[[ Dataset excerpt open ]]

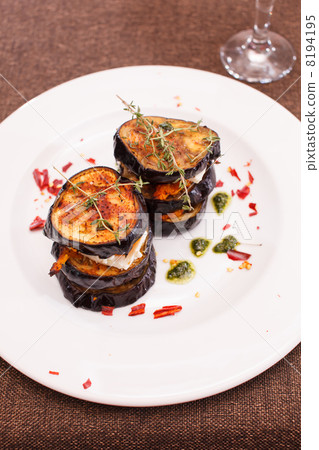 Grilled eggplant Grilled eggplant 8194195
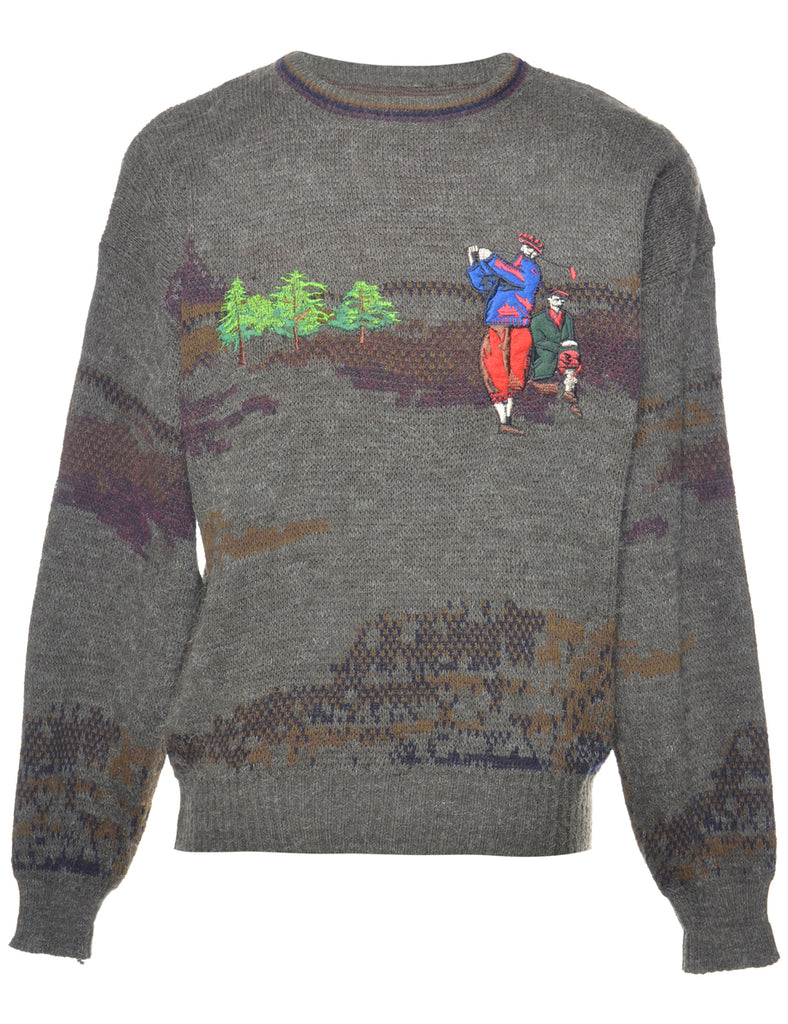 Long Sleeved Jumper - L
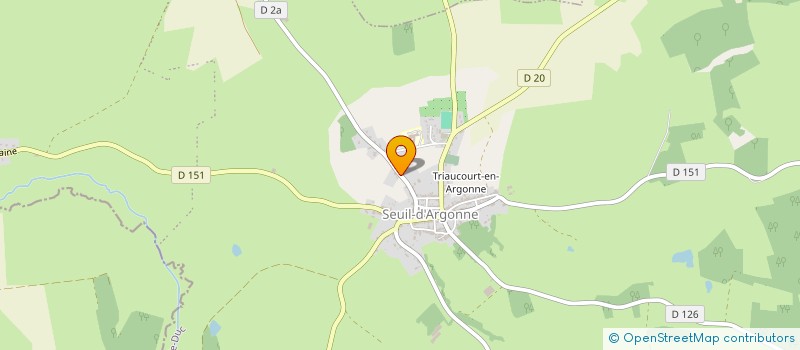 localisation de l'entreprise SCI DE SEUIL à SEUIL-D'ARGONNE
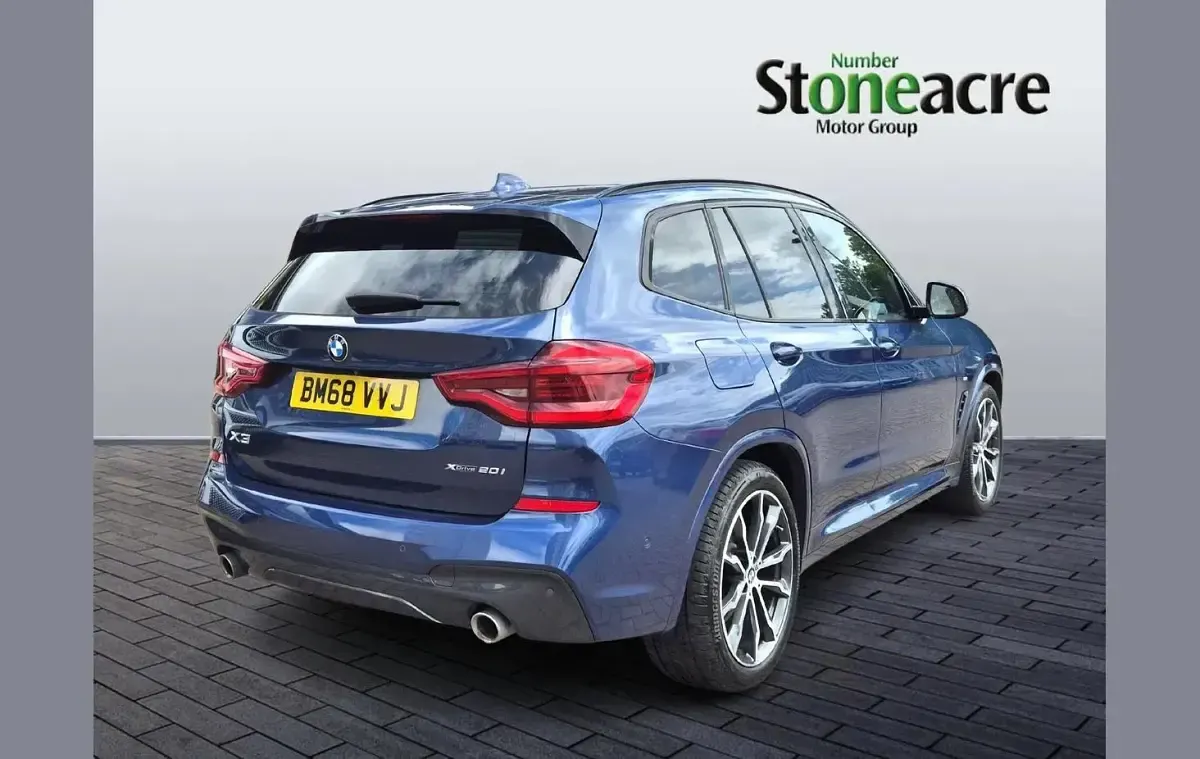 Used BMW X3 M Sport 184 HP (135 kW) 2019 Blue SUV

[[ Dataset excerpt closed ]]

▶ **What the task requires**
Repeat the material above exactly; any picture in it is left out.

▶ **Reply to the exercise**
 Grilled eggplant Grilled eggplant 8194195
 Long Sleeved Jumper - L
 localisation de l'entreprise SCI DE SEUIL à SEUIL-D'ARGONNE
 Used BMW X3 M Sport 184 HP (135 kW) 2019 Blue SUV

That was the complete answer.